Por lo menos, la sangre no le estaba produciendo náuseas. Estaba mejorando de verdad. Gregori limpió la ventana antes de que llegara el turno del siguiente vampiro. Se trataba de una mujer regordeta, mayor, con el pelo gris y enredado. Se acercó a la fila de bebidas agarrada a su gran bolsa. Al final de la fila, dejó la bolsa en la mesa. Miró a su alrededor, tomó una botella de la mesa y se la metió a la cartera.

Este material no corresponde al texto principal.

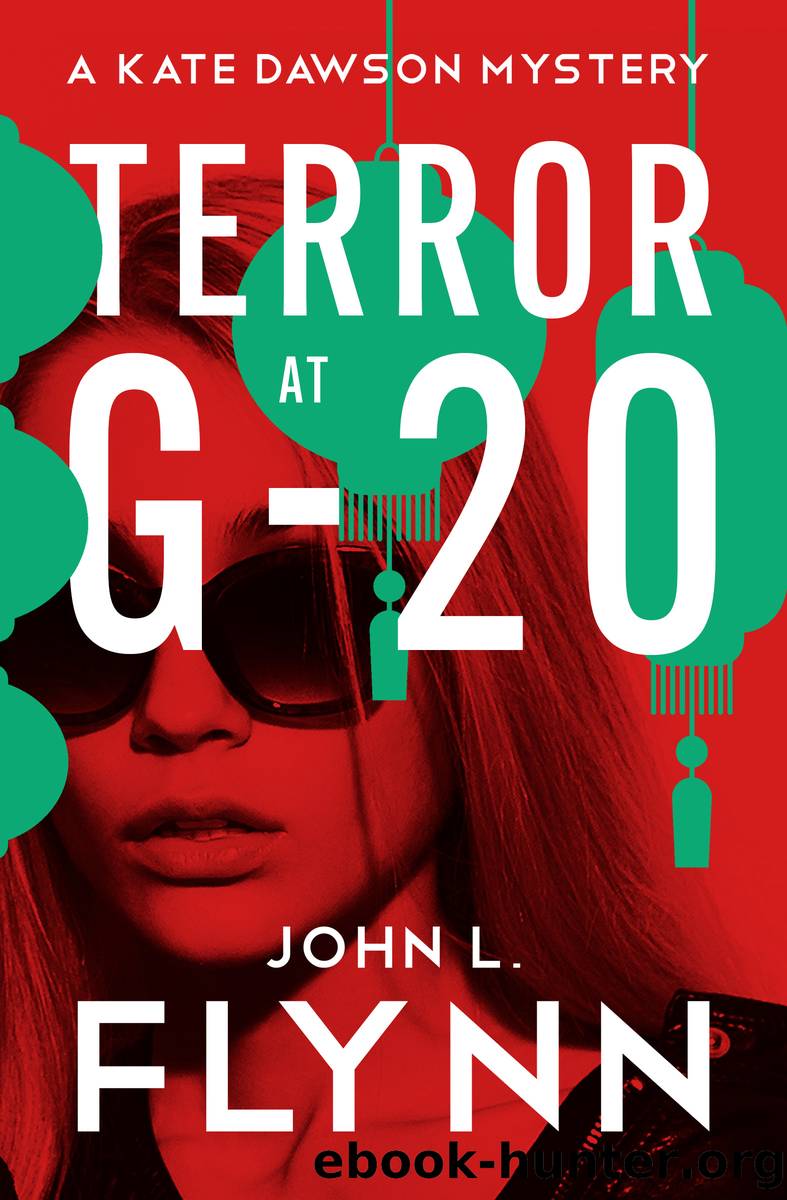 Terror at G-20 by John L. Flynn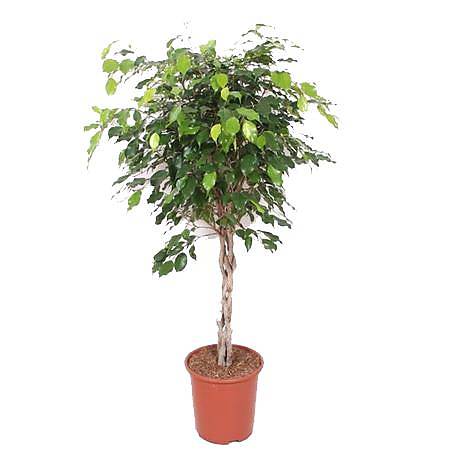 Фикус Бенджамина экзотика косичка - Ficus Be Exotica Twisted Stem D30 H135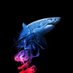 ♦️♣️Waldecir♥️♠️🇧🇷 (@wal5xxxxgmailc1) Twitter profile photo ♦️♣️Waldecir♥️♠️🇧🇷 (@wal5xxxxgmailc1) Twitter profile photo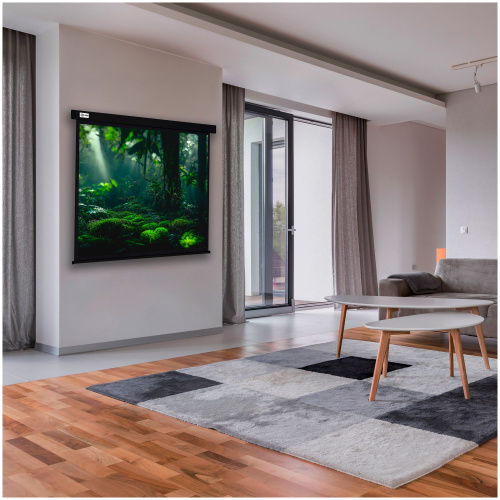 Экран Cactus 213x213см Wallscreen, 119", 1:1 настенно-потолочный, рулонный, черный CS-PSW-213X213-BK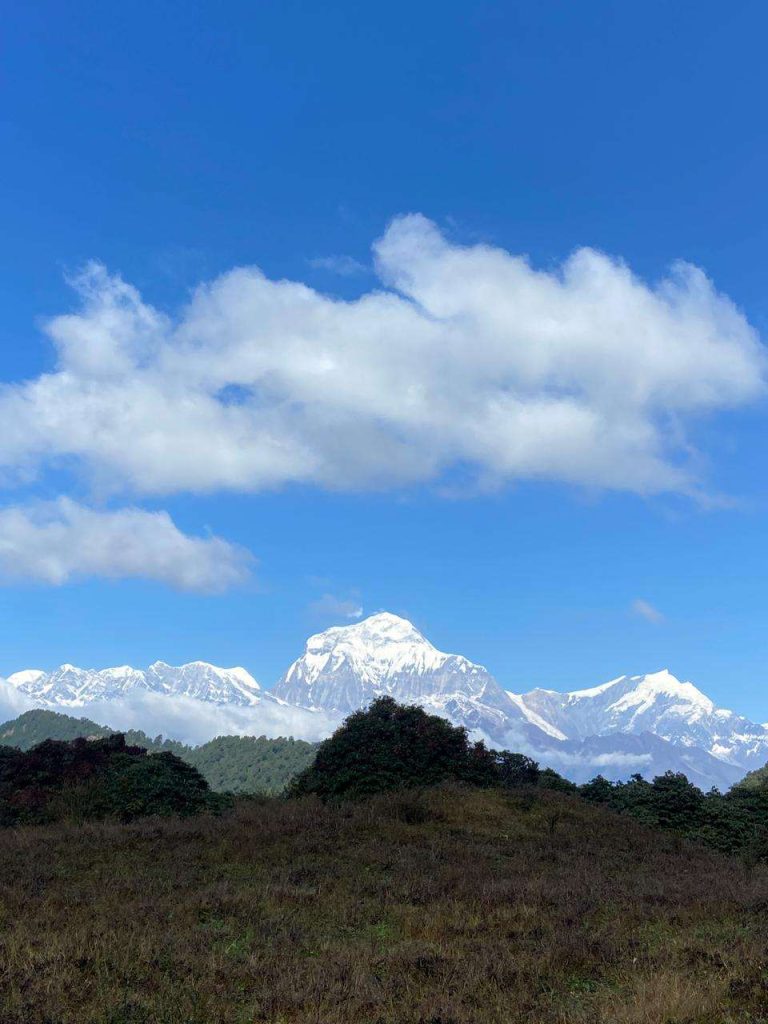 Dhaulagiri view from Chitre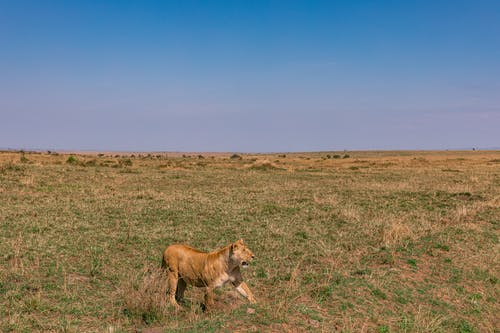 有关Copyspace, 侧面图, 冷静的免费素材图片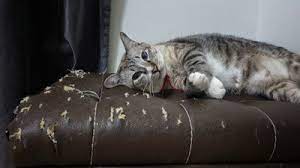 How to stop your cat from scratching furniture with vinegar start by mixing one part vinegar with one part water. How To Stop Cats From Scratching Leather Furniture A Complete Guide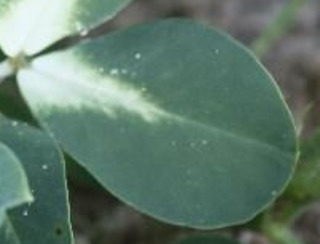 Sample image: Norflurazon Injury in Peanut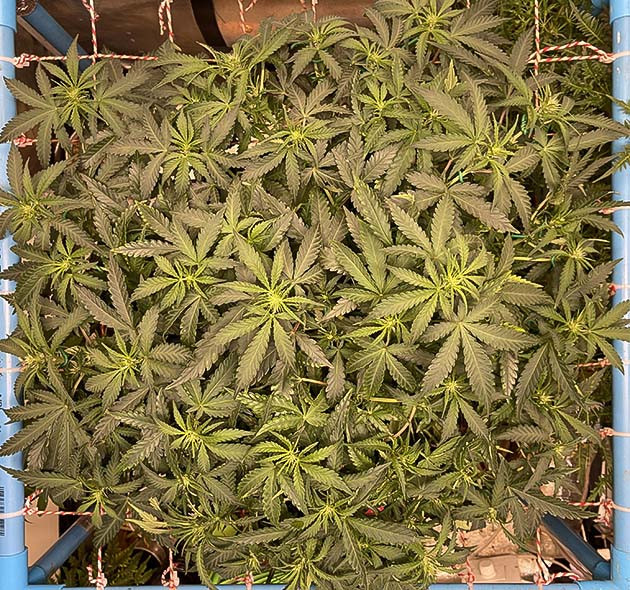 Формирование первых бутонов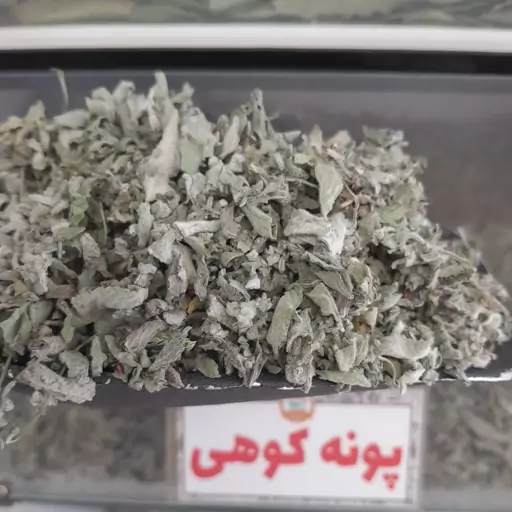 پونه کوهی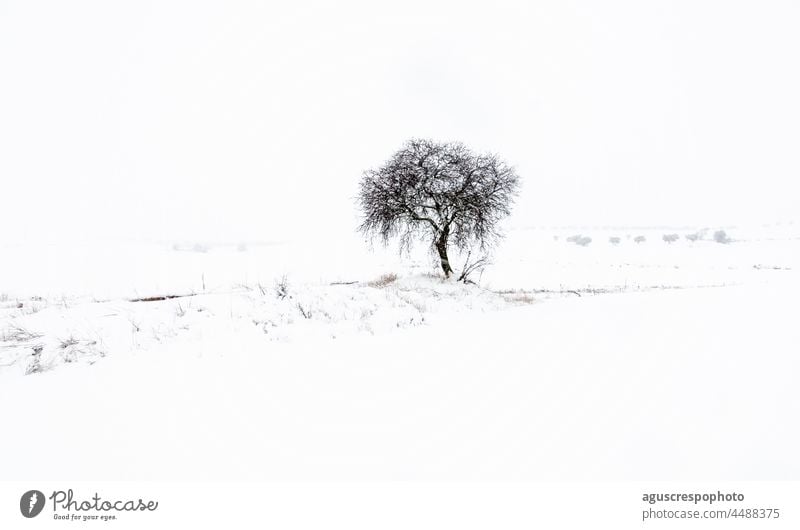 Snowy footprint showing a lone leafless tree with a blanket of snow in front, at its feet and in the background, where silhouettes of more distant trees can be seen. With an overcast white sky.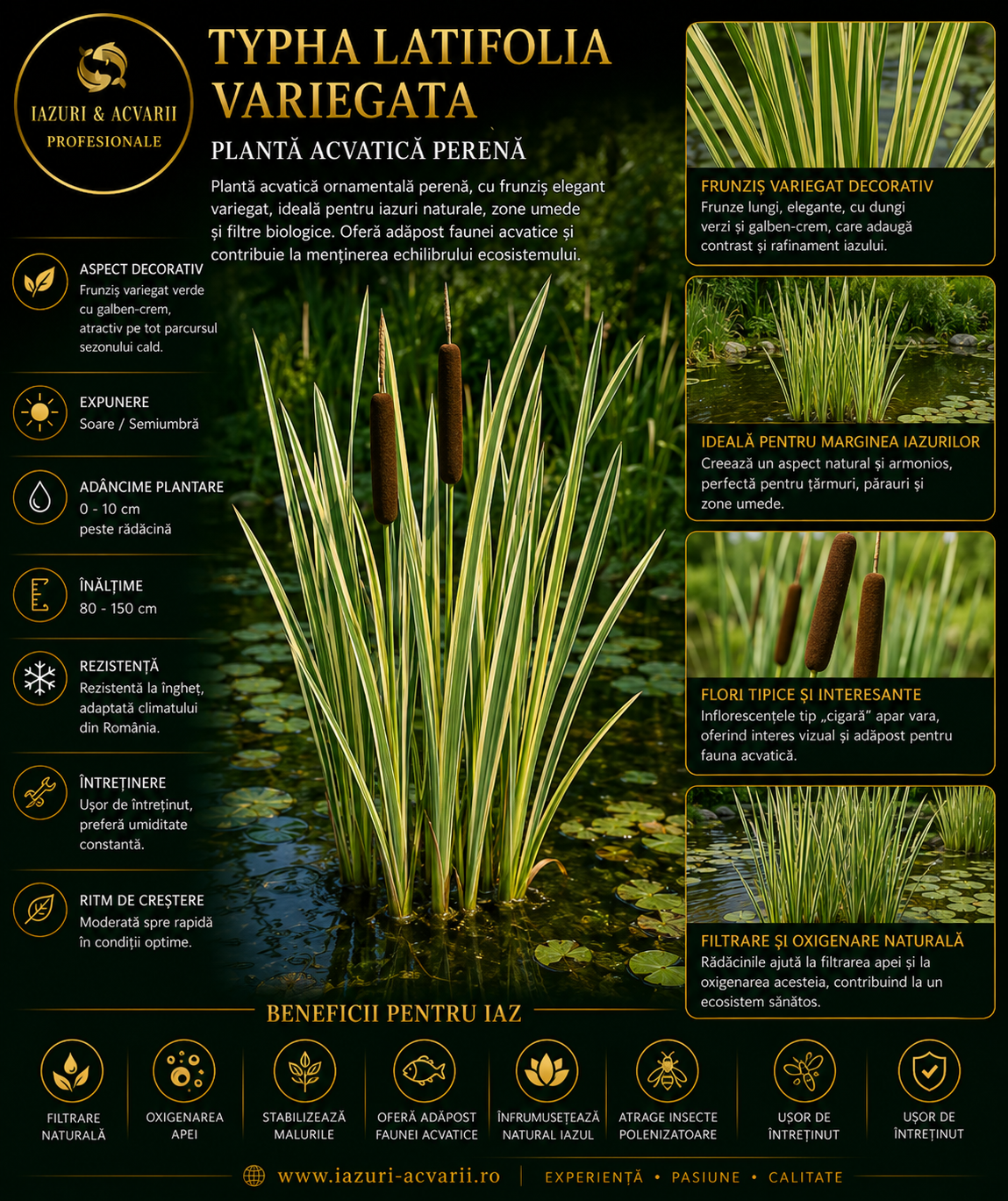 Typha latifolia variegata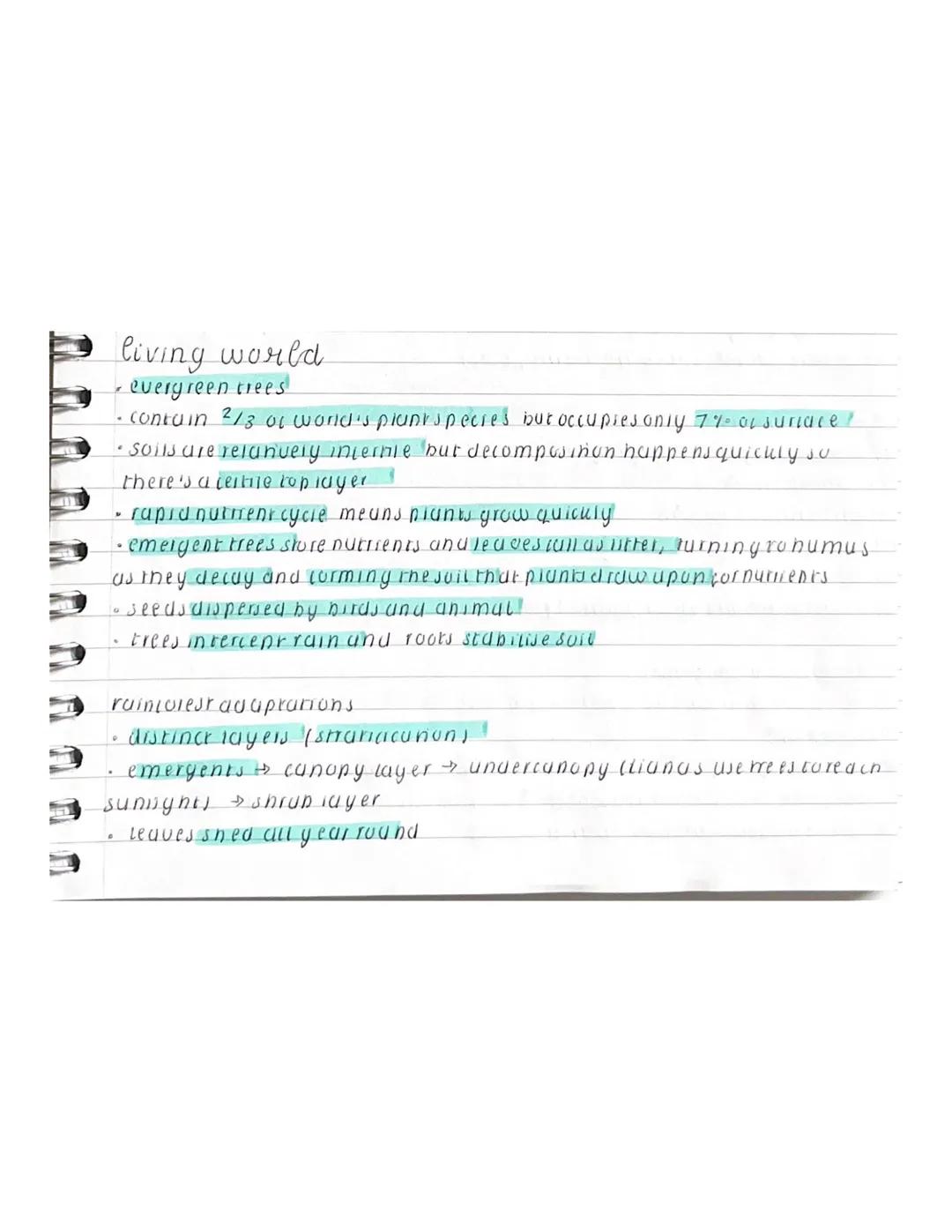 living world
evergreen trees
• contain 2/3 of world's plant species but occupies only 7% of suriace?
• soils are relatively internie but dec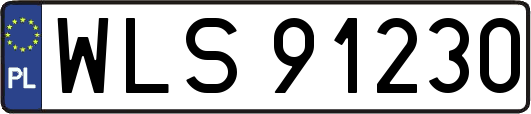 WLS91230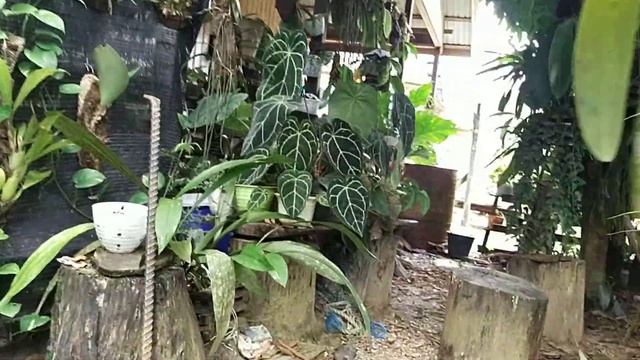 @ Anggrek Spesies Borneo// Coelogyne Speciosa смотреть онлайн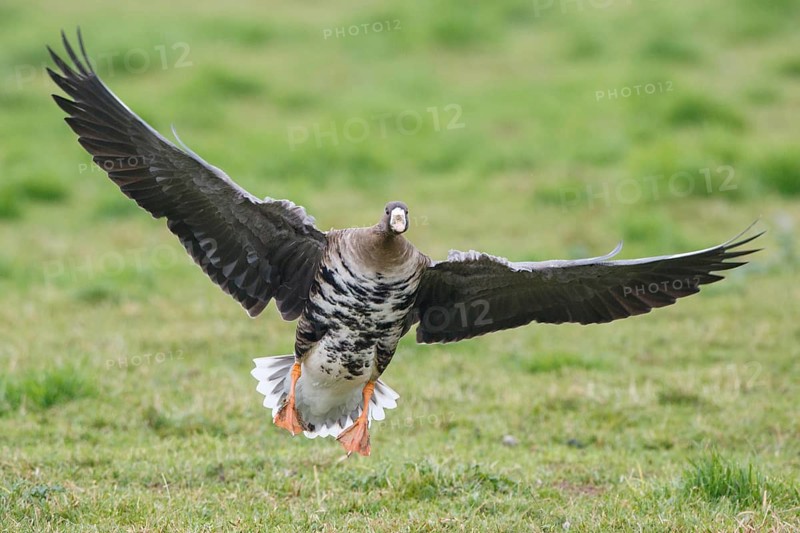 Greater White-fronted Goose (Anser albifrons) flying, North Rhine-Westphalia, Germany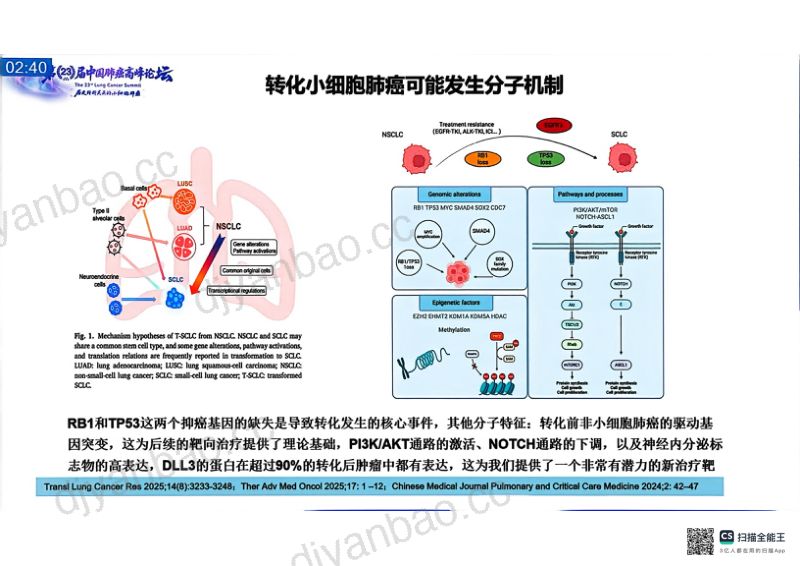 热点讨论：转化性小细胞肺癌的最佳联合治疗策略 第3页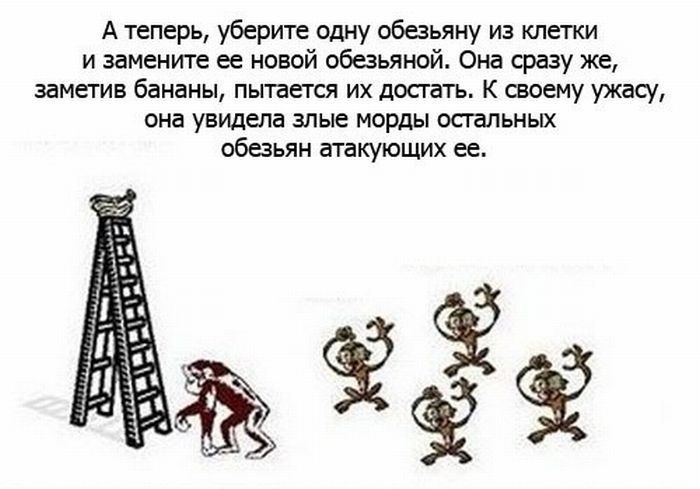 Алиса Бесфамильная | Калининград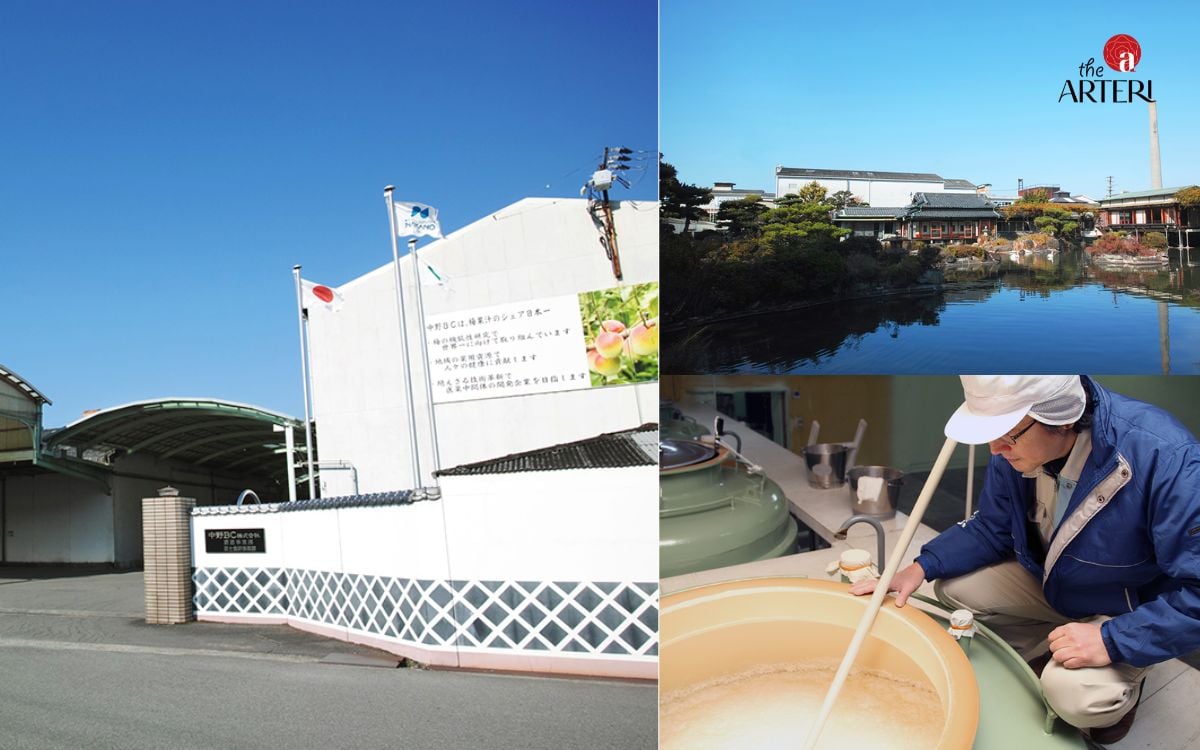Nakano BC - một trong những nhà sản xuất rượu mơ quy mô lớn nhất Wakayama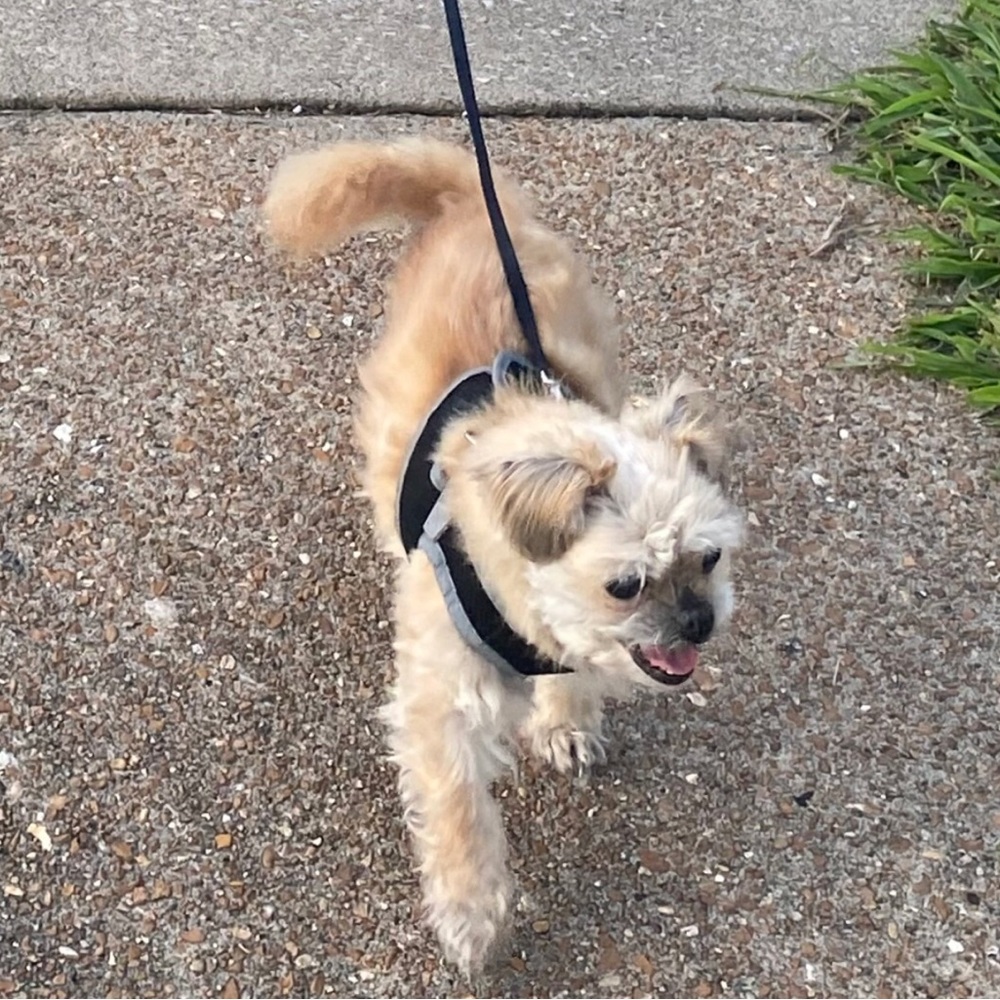 Small Dog Harness Black and Grey extra small XS Reflective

—Oh, Dios —dijo Shanna, mirando a Connor—. Acaba de robar una botella de Chocolood.
Connor se encogió de hombros.
—La pobre mujer tiene hambre. Que se la lleve.
—Sí, supongo que sí —dijo Shanna.
Habían terminado con las pruebas del primer grupo cuando la mujer vagabunda se inclinó hacia delante y gimió.
Gregori se acercó a ella.
—¿Se encuentra bien, señora?
—Yo… ¿Tienen baños aquí, joven? —le preguntó la mujer, con una voz muy ronca.
—Sí, por supuesto —dijo Gregori, y la acompañó a la puerta—. Este hombre la acompañará —añadió, y le hizo una señal a uno de los guardias escoceses que estaba custodiando la puerta.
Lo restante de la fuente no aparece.